The same trinity meets us again in another form, only in a more concrete, more living way — in a being who is Himself to be thought of as walking the Earth — the Incarnation of the Divine Creative Word! The Vedas came to mankind in an abstract form. The Divine Logos, of whom the Gospel of St. John speaks, is the Living and Creative Word Itself! That which we find in the Sankhya philosophy, as the law to which the cosmic forms are subject, that, historically transposed into the old Hebrew revelation, is what St. Paul calls the Law. The third stream we find in St. Paul as Faith in the risen Christ. That which was Yoga in Krishna, in St. Paul was Faith, only in a more concrete form — Faith, that was to replace the Law.
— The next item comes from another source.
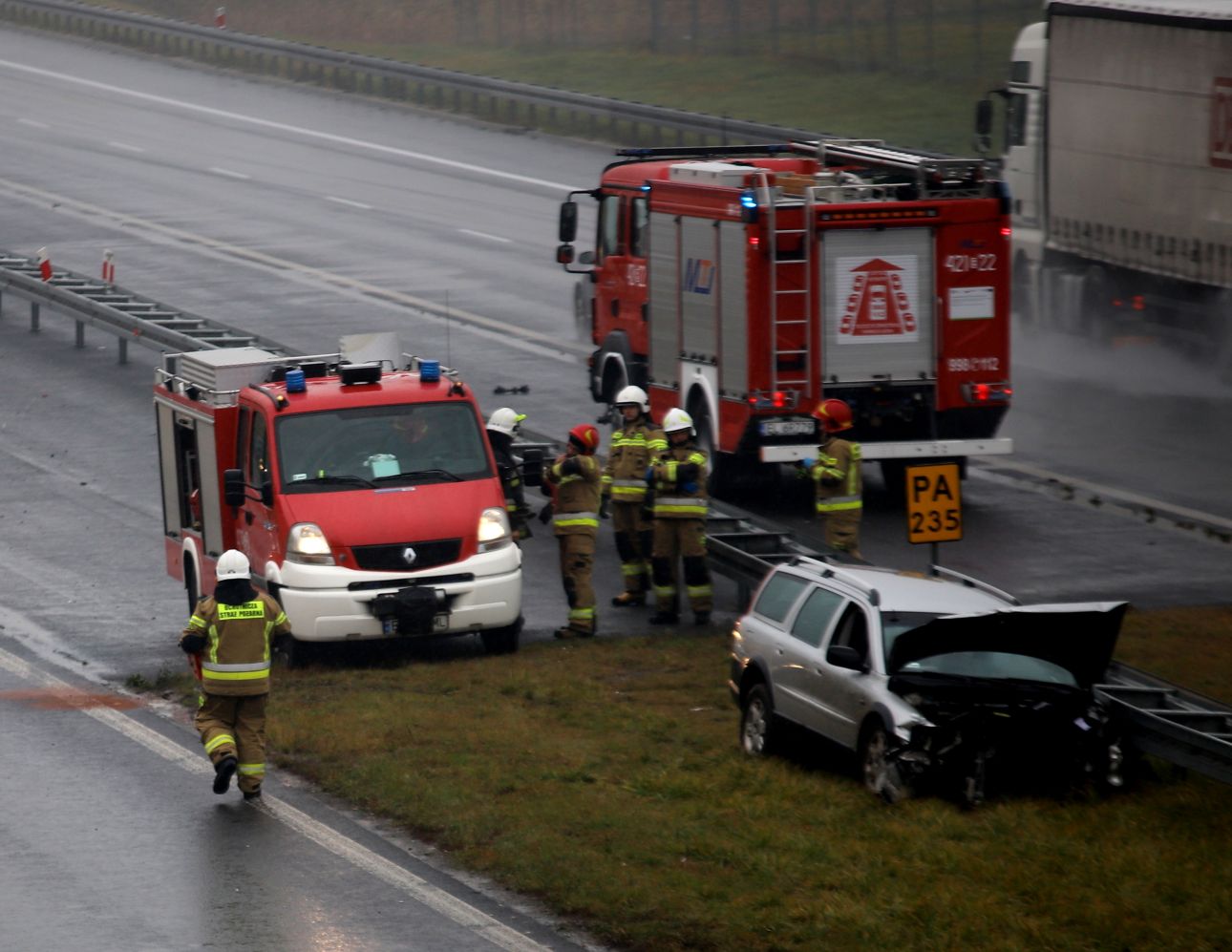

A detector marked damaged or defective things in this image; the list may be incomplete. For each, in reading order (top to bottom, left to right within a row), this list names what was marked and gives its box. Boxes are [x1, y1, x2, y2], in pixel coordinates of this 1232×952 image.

crashed guardrail [0, 0, 825, 149]
crashed guardrail [0, 248, 292, 361]
damaged silver car [726, 554, 1131, 806]
crumpled car hood [882, 600, 1123, 688]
So the trinity of Veda, Sankhya, and Yoga were as the redness of the dawn of that which later rose as Sun. Veda appears again in the actual being of Christ Himself now entering in a concrete, living way into historical evolution — not pouring Himself out abstractly into space and the distances of time, but living as a single individual, as the Living Word. The Law meets us in the Sankhya philosophy, in that which shows us how the material basis, Prakriti, is developed even down to coarse substance. The Law reveals how the world came into existence, and how individual man develops within it. That is expressed in the old Hebrew revelation of the Law, in the dispensation of Moses. Inasmuch as St. Paul, on the one hand, refers to this Law of the old Hebrews, he is referring to the Sankhya philosophy; inasmuch as he refers to faith in the Risen One, he refers to the Sun of which the rosy dawn appeared in Yoga. Thus arises in a special way that of which we find the first elements in Veda, Sankhya, and Yoga. What we find in the Vedas appears in a new but now concrete form as the Living Word by Whom all things were made and without Whom nothing is made that was made, and Who, nevertheless, in the course of time, has become Flesh. Sankhya appears as the historical representation based on Law of how out of the world of the Elohim emerged the world of phenomena, the world of coarse substances. Yoga transformed itself into that which, according to St. Paul, is expressed in the words “Not I, but Christ in me” — that is to say when the Christ-force penetrates the soul and absorbs it, man rises to the heights of the divine.
Thus we see how, in a preparatory form, the coherent plan is present in world history, how the Eastern teaching was a preparation, how it gives in more abstract form, as it were, that which in a concrete form we find so marvelously contained in the Pauline Christianity. We shall see that precisely by grasping the connection between the great poem of the Bhagavad Gita and the Epistles of St. Paul, the very deepest mysteries will reveal themselves concerning what we may call the ruling of the spiritual in the collective education of the human race.
As something so new must also be felt in the new age, this newer age must extend beyond the time of Greece and must develop understanding for that which lies behind the thousand years immediately before Christ — for that which we find in the Vedas, Sankhya, and Yoga. Just as Raphael in his art and Thomas Aquinas in his philosophy had to turn back to Greece, so shall we see how in our time a conscious balance must be established between that which the present time is trying to acquire and that which lies further back than the Greek age, and stretches back to the depths of Oriental antiquity. We can allow these depths of Oriental antiquity to flow into our souls if we ponder over these different spiritual streams which are to be found within that wonderfully harmonious unity which Humboldt calls the greatest philosophical poem: the Bhagavad Gita.